You Can Finally Download Your Twitter Data Again—Here's How
Twitter is finally allowing users to download their data from the platform again, after temporarily disabling the feature in the wake of July's so-called "Bitcoin hack."
On July 15, a series of high-profile Twitter accounts, including those belonging to Barack Obama, Kim Kardashian, Elon Musk, Apple and Jeff Bezos, were compromised and used to spread a cryptocurrency scam across the platform.
Such scams are nothing new, but the sheer scale of this one was staggering.
Twitter called it a "coordinated social engineering attack," and explained that the culprits had "targeted a small number of employees through a phone spear-phishing attack.
"This attack relied on a significant and concerted attempt to mislead certain employees and exploit human vulnerabilities to gain access to our internal systems."
130 Twitter accounts were targeted and the attackers managed to reset the password of 45 of these and send tweets from them.
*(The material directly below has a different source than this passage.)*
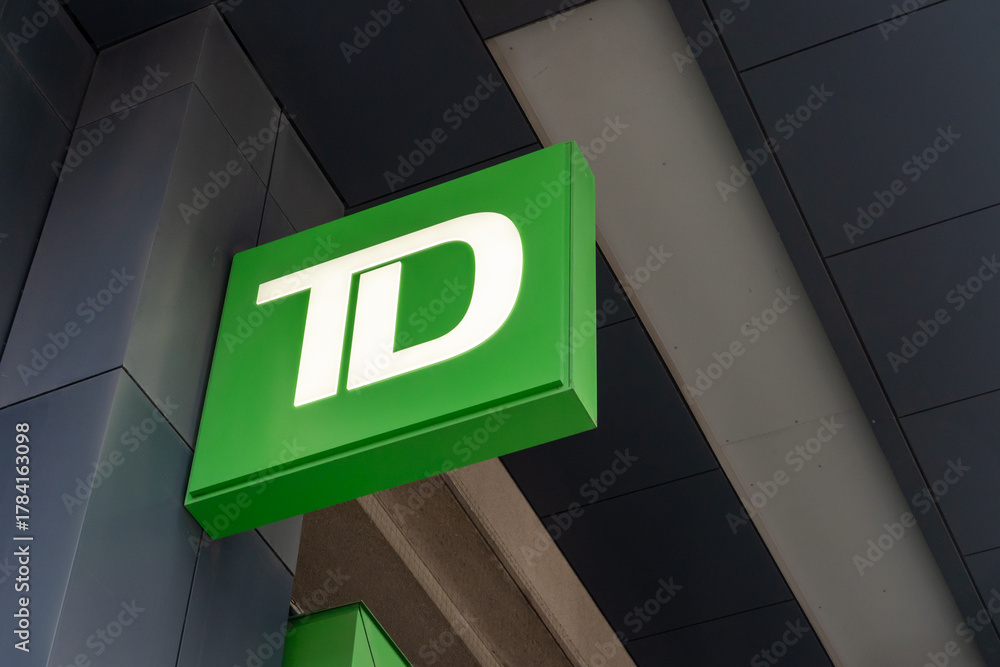 Fototapeta premium Toronto, ON, Canada - November 8, 2025: Close up of TD (Toronto Dominion Bank) logo on the building is seen in Toronto, ON, Canada.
Of further concern was the revelation that for "up to eight of the Twitter accounts involved, the attackers took the additional step of downloading the account's information," by using Twitter's "Your Twitter Data" tool.
The company responded by temporarily limiting a series of account functionalities, including the ability to tweet and reset passwords, but these features were restored shortly after.
However, the site waited until September to bring back the ability for users to download their Twitter data.

How to download your Twitter data
You can download your Twitter data by taking the following steps:
- On the Twitter website, click 'More' in the main menu (to the left of your timeline).
- Select Settings and Privacy > Privacy and Safety > Personalization and data.
- Scroll to the bottom of the page and select "See your Twitter data."
- Enter your password, then click "Request archive."
This treasure trove of information includes your profile information, tweets, direct messages, Moments, media, a list of your followers and the accounts you follow, your address book and, most intriguingly, "interest and demographic information that [Twitter has] inferred about you, information about ads that you've seen or engaged with on Twitter, and more."
You'll receive an email containing a file called "Your Archive" as soon as it's ready.